ODE AL TRADUTTORE INCERTO
Se vuoi tradurmi
e non mi vuoi tradire,
non lasciarti indurre
all’ansia di capire
ma affidati propenso
– almeno per metà
(la testa e il cuore…) –
al tuo più intimo sentire,
facendone lo specchio
del vero gran riflesso,
e interpreta i miei versi
come note…
usa le pagine
come gli spartiti.
Leggi con l’orecchio
nei segni percepiti:
c’è un nesso
tra suono e senso
dentro la parola
ed è la musica
a crearlo per intero,
l’unica che vola
dalla terra al cielo.
Considera te stesso
lettore e ascoltatore
in una volta sola.
Per annunciare l’imminente uscita nella Biblioteca dei Leoni (LCE Edizioni) della traduzione mia e di Tino Sangiglio delle poesie di Costantino Kavafis, “Il sole del pomeriggio”, ho scritto questa lirica ai traduttori delle mie poesie, in cui sintetizzando le modalità da me seguite nel tradurre altri poeti istigavo ad accostarsi ai miei versi con la stessa disposizione musicale di fondo.
Paolo Ruffilli
“e interpreta i miei versi /come note, /usa le pagine /come gli spartiti.”
Hai ragione, Paolo. Ti ho sentito spesso affermare che una poesia è come uno spartito musicale. Il traduttore dovrebbe tenerne conto se la musicalità è uno degli elementi costitutivi della composizione poetica oppure, come affermi ora, “c’è un nesso/ tra suono e senso/ dentro la parola/ ed è la musica/ a crearlo per intero,/ l’unica che vola/ dalla terra al cielo.”
Auguri per il tuo nuovo libro e… in bocca al lupo per le traduzioni!
Giorgina
Questa poesia vale più di ottomila saggi intorno alle “teorie della traduzione”. Proprio per questo io l’avrei ulteriormente spersonalizzata iniziando con il distico “Se vuoi tradurre / e non vuoi tradire”. Per il resto è tutto musicalmente stupendo e quindi “vola / dalla terra al cielo”. Complimenti, Paolo! E auguri per il tuo nuovo libro!
L’ha ribloggato su La distensione del verso.
che ritmo!
che ritmo che si trasmette, gli occhi sono in continuo movimento e restituiscono perfezione…

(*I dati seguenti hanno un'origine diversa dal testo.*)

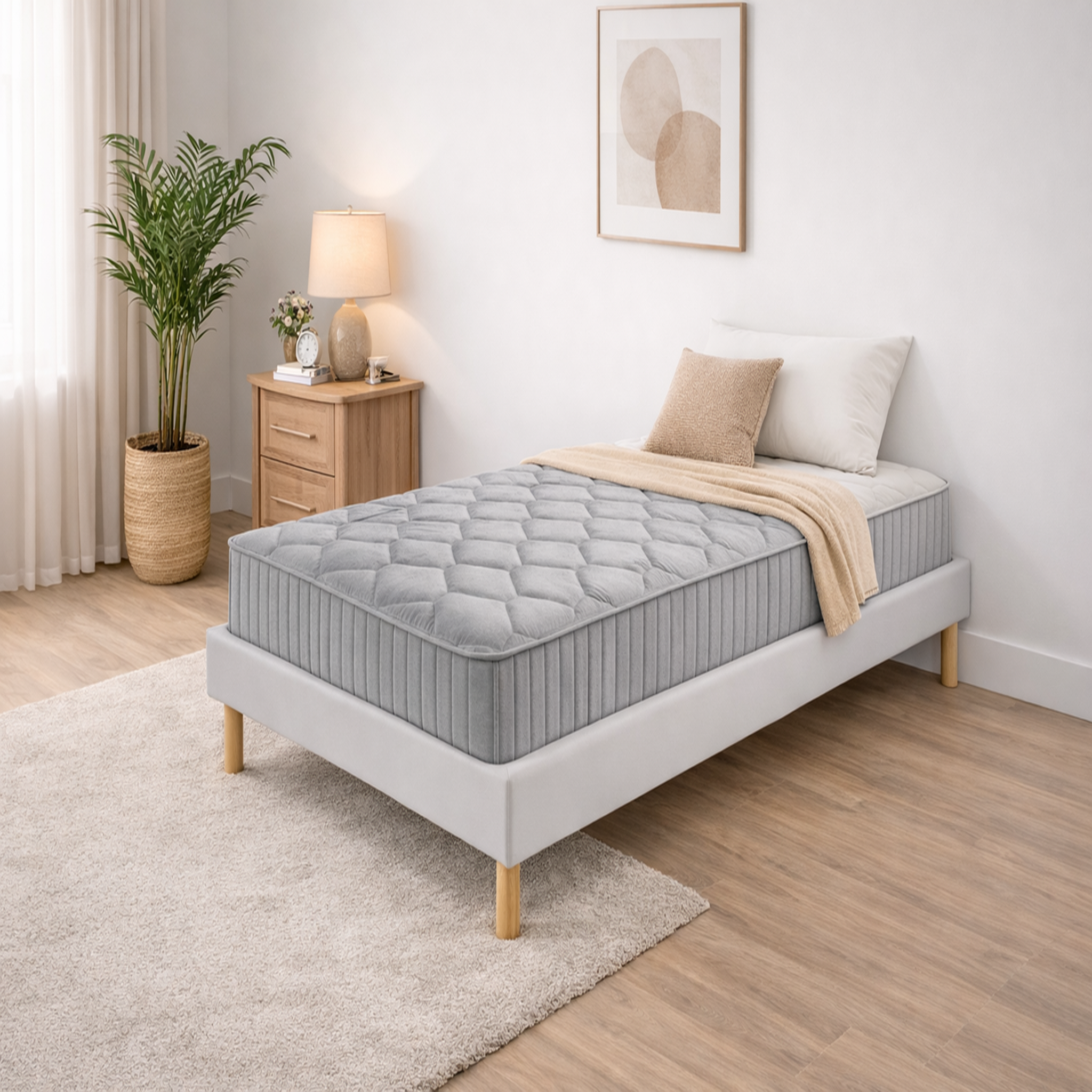Voir la diapositive 1 : KING OF DREAMS Ensemble Sommier Tapissier et Matelas Latex Accueil Moelleux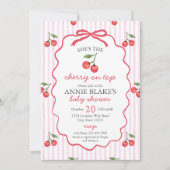 Cherry on top Baby Shower Einladung (Vorderseite)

molti anni fa ho fatto da interprete per Paolo Ruffilli in una conferenza che tenne su Leopardi a UC Berkeley. Ricordo con terrore quando si mise a cantare “A Silvia” e come interprete avrei dovuto seguirlo con la versione inglese (essendo io stonatissima e non avendo la più pallida idea che avrebbe fatto tutto ciò). Mi rimase però impresso il suo discorso sulla poesia come musica. Un bravissimo poeta.